Insomma, per negare il risarcimento, l’impresa deve:  
  1. disporre di risultanze istruttorie adeguate a sostenere la propria posizione, in deroga all’articolo 2697 c.c.; 
  2. rendere espresse tali risultanze nell’ambito della specifica illustrazione al richiedente dei “motivi per i quali non ritiene di fare offerta”, così come del resto espressamente previsto dall’articolo 148 del Codice delle Assicurazioni.   
Quando il diniego è fondato su elementi concreti, dice l’Autorità, “la loro chiara ostensione può contribuire al convincimento del danneggiato evitando un inutile contenzioso”. Altrimenti, rischia di tradursi in un espediente dilatorio e, comunque, pregiudizievole per le ragioni (di corretta informativa, anche ex articolo 183 del Codice) del richiedente.  
Di qui la formale richiesta a tutte le imprese attive nel ramo RCA di verificare, anche attraverso le risultanze emergenti dalla analisi dei reclami, “la sussistenza delle descritte criticità nei processi liquidativi e, ove necessario, rivedere i processi” per garantire la comunicazione al danneggiato degli specifici motivi del diniego di risarcimento, facendo sì “che i testi delle comunicazioni indichino dettagliatamente gli elementi di incoerenza fra i fatti denunciati e quelli accertati dall’impresa e citino gli atti o i fatti alla base del rigetto dell’offerta” (il tutto entro il 30 aprile 2017).

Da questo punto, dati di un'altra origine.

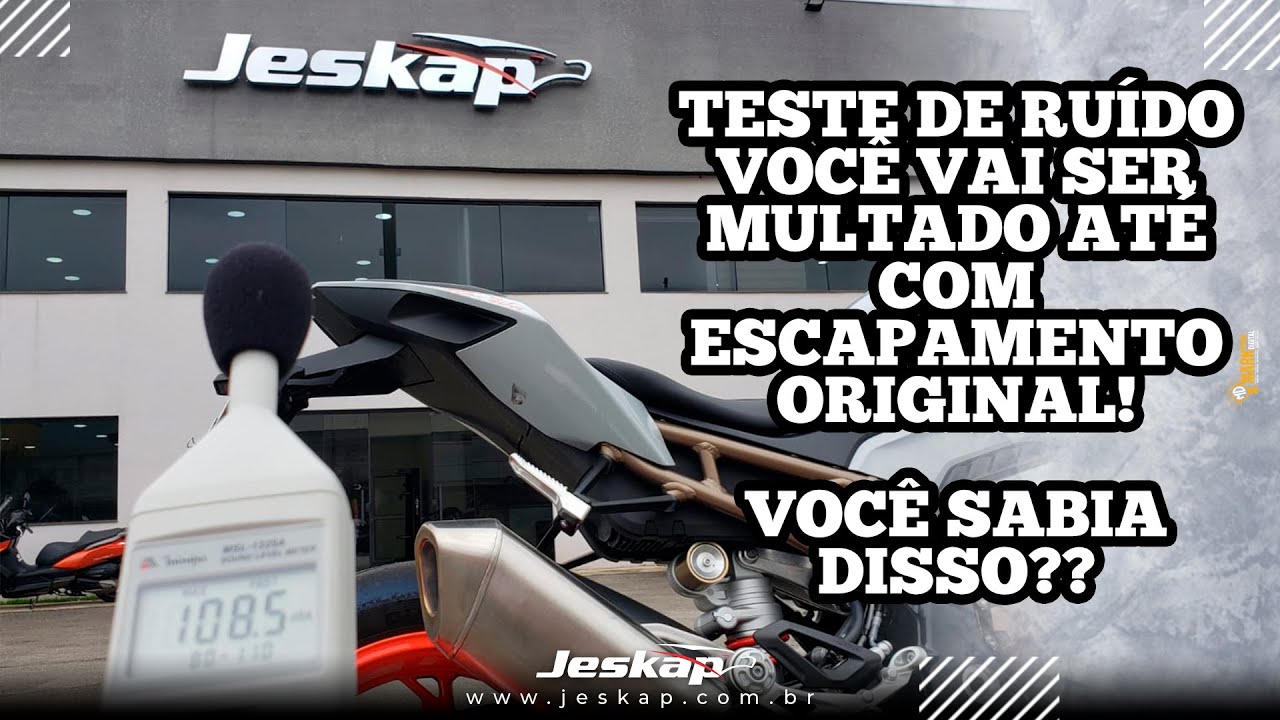 VOCÊ SABIA DISSO?? VOCÊ PODE SER MULTADO ATÉ COM ESCAPAMENTO ORIGINAL!!!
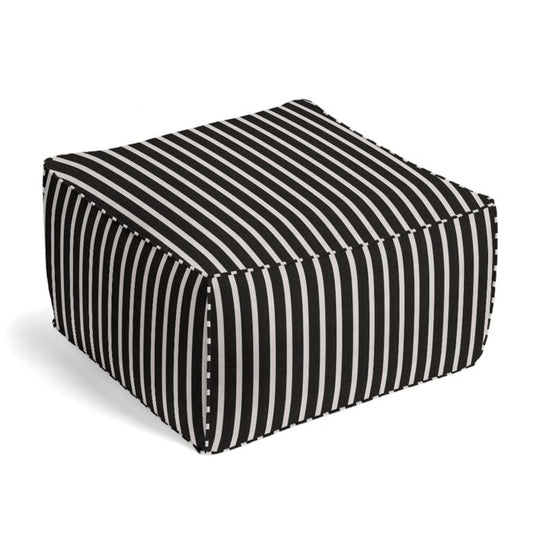 Outdoor Pouf in Sunbrella® Shore - Classic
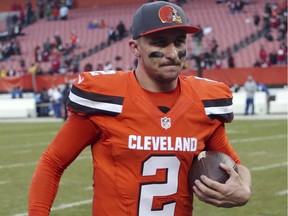 Quarterback Johnny Manziel with the Cleveland Browns.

Se l’onere istruttorio incombe sulla compagnia, deve concludersi che la cooperazione dell’assicurato (preteso danneggiante/responsabile) è indispensabile al fine di consentire all’impresa di utilmente interloquire con il danneggiato, verificarne le ragioni ed eventualmente confutarle in modo specifico in sede di diniego.

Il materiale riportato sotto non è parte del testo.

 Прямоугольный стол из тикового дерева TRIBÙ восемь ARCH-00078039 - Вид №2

Torna dunque di straordinaria attualità il tema della centralità della denuncia di sinistro alla propria impresa, resa obbligatoria dall’articolo 143 del Codice delle Assicurazioni per tutti i conducenti dei veicoli coinvolti (o, se persone diverse, per i rispettivi proprietari), anche qualora non responsabili ed anche laddove non interessati né a chiedere danni né ad attivare la propria copertura di RCA. 

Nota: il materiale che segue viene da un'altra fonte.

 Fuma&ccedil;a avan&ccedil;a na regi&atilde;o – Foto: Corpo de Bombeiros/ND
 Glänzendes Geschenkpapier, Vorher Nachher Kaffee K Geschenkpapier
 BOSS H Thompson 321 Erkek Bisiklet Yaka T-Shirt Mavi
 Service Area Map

È appena il caso di notare come l’omissione dell’obbligo di denuncia può condurre alla perdita totale/parziale della garanzia assicurativa (il che equivale a dire, nelle assicurazioni della RC, la perdita del diritto a essere manlevato dalla compagnia, con conseguente applicazione, nel comparto auto, dell’istituto della rivalsa previsto dall’articolo 144 del Codice). 
È dunque ben possibile che, a tutela del mercato, l’Autorità possa in un futuro pretendere, quale bilanciamento del rigore espresso in quest’ultima presa di posizione, una miglior attivazione delle compagnie nei confronti dei propri assicurati, anche facendo leva su quei meccanismi di denunzia/rivalsa che, a quanto risulta in concreto, sembrano oggi totalmente disapplicati.
Se è vero, come è vero, che è possibile ritrovare nell’articolo 148, comma 9 l’ulteriore fondamento normativo dell’impostazione seguita da IVASS nella sua lettera al mercato, è altrettanto vero che tale disposizione alberga soltanto nel corpo della norma dedicata alla procedura ordinaria di liquidazione stragiudiziale del danno da sinistro stradale. Non esistono disposizioni equivalenti nel settore dell’indennizzo diretto. Anzi, a voler ben vedere, i due diversi ambiti operativi (articolo 148 del Codice delle Assicurazioni da un lato, e DPR 254 del 2006, dall’altro) disegnano procedure niente affatto coincidenti. È dunque prevedibile che, sul punto, IVASS tornerà a pronunciarsi, chiarendo se, con quella Lettera al mercato, intendeva riferirsi solo, ai sinistri gestiti in regime ordinario ex articolo 148 del Codice.